Preparing Your Data to be Horizontally Scaled with HiveDB

This page provides some basic hints for determining how to partition your data model with HiveDB.

Create a data model

Identify all of the resources that you want to store. In general you probably don’t want to put things in the hive unless you are talking about them in large powers of ten and their growth rate is also expressed as a large power of ten records per week or per month.

Identify a significant partitioning dimension

HiveDB spreads your data across many shards by dividing it into discrete subsets. You select a significant value that uniquely identifies subsets of data within your domain, a partition dimension, in HiveDB lingo. This strategy works well for data that has a natural split, but does not work equally well for all data sets. It was chosen because it fits the real-world problem that HiveDB was created to solve.

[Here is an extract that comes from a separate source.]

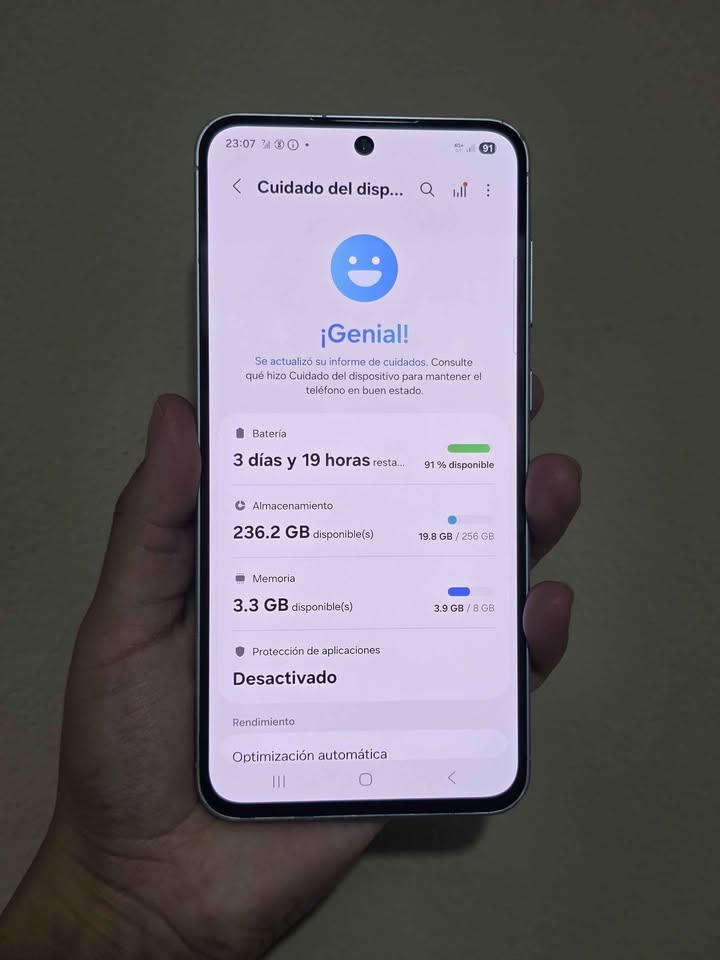 Samsung A56 5g Libre de fábrica para cualquier empresa 256gb De Almacenamiento 8gb De Ram.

Things to consider when partitioning your data

  • You cannot join across nodes.
  • Consider the worst case scenario. Can records belonging to a single partition key over flow the capacity of a node?
  • How does your usage pattern compare to the partitioning scheme? Entities may have a relationship in the data model, but if you don’t have to use that relationship to execute a JOIN in the application you can break that relationship in the partitioning scheme. Alternately, you can simply perform two database operations and handle the join in the application.

Example
Both product and image depend on member, and have no other relations except to each other. So, member is a natural partition dimension for this data set.

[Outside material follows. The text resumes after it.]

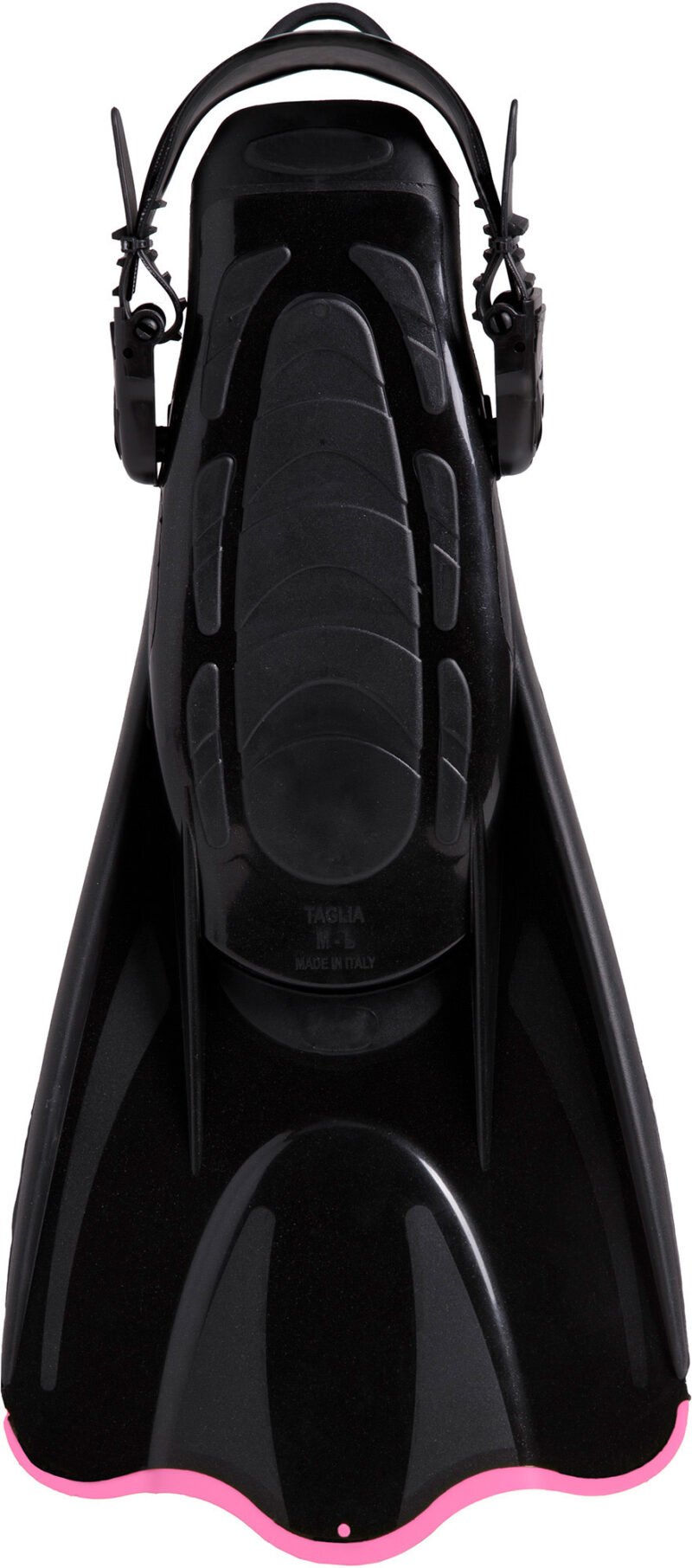 Cressi PALAU SAF FINS BLACK/PINK S/M (38/41) - Image 4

Enumerate your finding cases

HiveDB does not support arbitrary queries across the entire data set. Instead it uses a system pre-built indexes similar to BerkeleyDB to execute queries that span nodes. So, you must enumerate all of your finding cases that span the data set so that they may be indexed.

Example
Some example use cases that define the queries we will need to index for:

  • The member profile page shows a particular member’s information. Find Member by id
  • The edit my products page shows all of a members products Find products by member
  • The product details page shows information for one product. Find product by id
  • The design details page shows all of the products for a particular design. Find products by image

HiveDB has two different types of indexes primary indexes and secondary indexes.

  • Primary indexes map an id of the partition dimension entity to a node. In the example case the primary index would map member.id → node. Every data set must have a single primary index. Primary index keys are sometimes referred to as partition keys.
  • Secondary indexes map a value of an entity to another index key. Secondary index keys can map to primary index keys or to other secondary index keys. For example a secondary index on product.id would map product.id → member.id.

The four queries listed above define three indexes in HiveDB.

      The primary index on member.id → node.id
      A secondary index of product.id → member.id
      A secondary index of image.id → product.id